We are off and running in Q3 with the start of football, back to school and back to work just around the corner. We couldn’t be more excited about where we stand to capitalize on the opportunities in front of us.
And with that, I would love to answer any questions you have. So back to you operator.
Certainly. [Operator Instructions] Your first question is coming from Mark Argento with Lake Street. Please pose your question, your line is live.
Hey Rob, hey Doug, nice quarter, nice revenue growth and KPI growth. Just a couple of quick questions. Ross, can you give us a little better understanding where all this page growth and activity viewership growth coming from? I know you broke it out a little bit by property, but and maybe talk about how new viewers are finding some of your properties?
You bet. Thanks Mark. So we talked a lot last quarter about many of the investments that we were making in things like audience development and analytics and our content teams, particularly in breaking and trending news.
We have been applying that across the board. So when you look at some of the details of our KPIs in terms of growth, things like having the number one share of voice on Facebook drives real traffic to us.
Optimizing search engine optimization drives real traffic to us. Creating more relevant and timely content creates real traffic to us. Understanding the types of stories that consumers are looking for, in what I would call nongame stories, really helps us.
So the money we spent over the past two years, not only making our platform better, meaning let’s make the pages work faster, let’s optimize the ad impressions that we have. Let’s make sure that the content is produced quickly when it needs to be and make sure the content is great.
We continue to win awards, all of those things really contribute to the growth of our business across the board. And when we break out, our sports, vertical or finance vertical, now lifestyle, the work we are doing at hub pages, each one of them is growing double-digits.
And so it is a testament to what I would say is our playbook, which is all those things, including investing significantly in what we call our audience development team, which has just had a tremendous run for the last, we really just have had it for the last year.
So those things combined with great content, which is really at the core of what we deal with the brands that we have, I think all of that matters and it all contributes. And again, we have made a conscious effort mark, to invest.
We have been around for a bunch of years, but it is two years since we really reset the company. And I really do make it important that we think like a startup. I know we have to hit earnings. And I know we have to hit our numbers. It starts with growth. And we have got to have that growth and it seems to be working pretty well across the board.

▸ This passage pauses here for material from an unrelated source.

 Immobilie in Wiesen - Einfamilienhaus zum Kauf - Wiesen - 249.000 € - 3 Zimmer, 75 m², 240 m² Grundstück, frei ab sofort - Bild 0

Good color, I appreciate it. One quick one gross margins. Obviously when you love print in there, it gets a little muddied. Especially with some of the recent cost trends, kind of maybe give us a little bit of visibility into how digital gross margins are trending, I’m assuming they are in pretty good shape if incremental $0.50 of the dollar is full on the bottom line?
Yes, we continue to see the incremental gross margins, digital revenue exceeding 50%. And as Ross talked about, as we talked about, the challenges faced with Swim was really a big component of the lower margin that we saw in the quarter. And Swim, this year happened almost all in one quarter. So, we do have revenue continuing from it, but most of its margin impact was in this quarter.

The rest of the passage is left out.